LOL, nobody is eager to introduce any regressions :)

If you have IO operations like mkdir() you can catch any errors with the “die” keyword:

  mkdir(“$path/file”) or die “Could not create directory: $!”;

That will cause the script to abort and log the message.

>> 
>> -Michael
> 
> Recently some Microsoft patches are alternating between using
> \ and / as directory separators, leaving files behind in
> updatecache/download that can only be removed in a terminal.
> 
> What was happening was that the lock file was created using the
> URL name containing %5c while wget was actually writing to a filename
> with a real backslash. The zero-sized lockfile was moved into the uuid
> folder, and the actual .cab file was orphaned in the download folder,
> indicated in the GUI as a stranded file that couldn't be deleted.
> 
> An alternate way to fix the problem could be to force wget to
> use --restrict-file-names=windows - in which case \ | : ? " * < >
> would all be saved as escaped codes.
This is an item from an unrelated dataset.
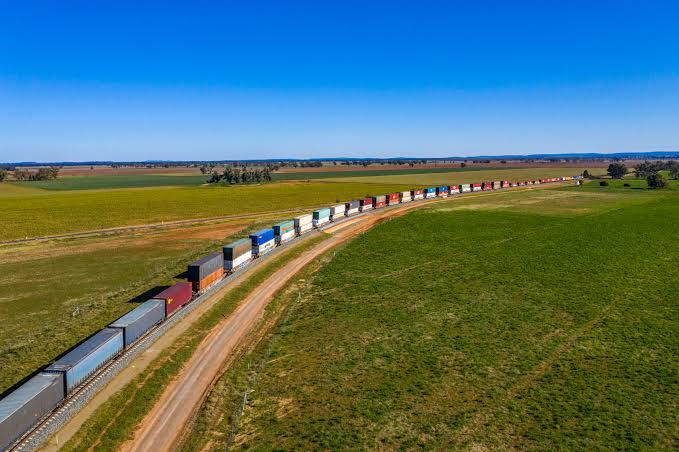 Fresh concerns have been laid against Inland Rail's plans to travel through the city, with WWCC calling out for a change to the Docker Street crossing.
That would seem to better
> match the URL mangling that apparently is happening.
> Cons:
> -removing sourceurl mangling means re-downloading existing caches.
> -less human-readable URLs / filenames
> -conceptual alternative: I didn't prove/test this theory since it
> means re-downloading all oddly-named files.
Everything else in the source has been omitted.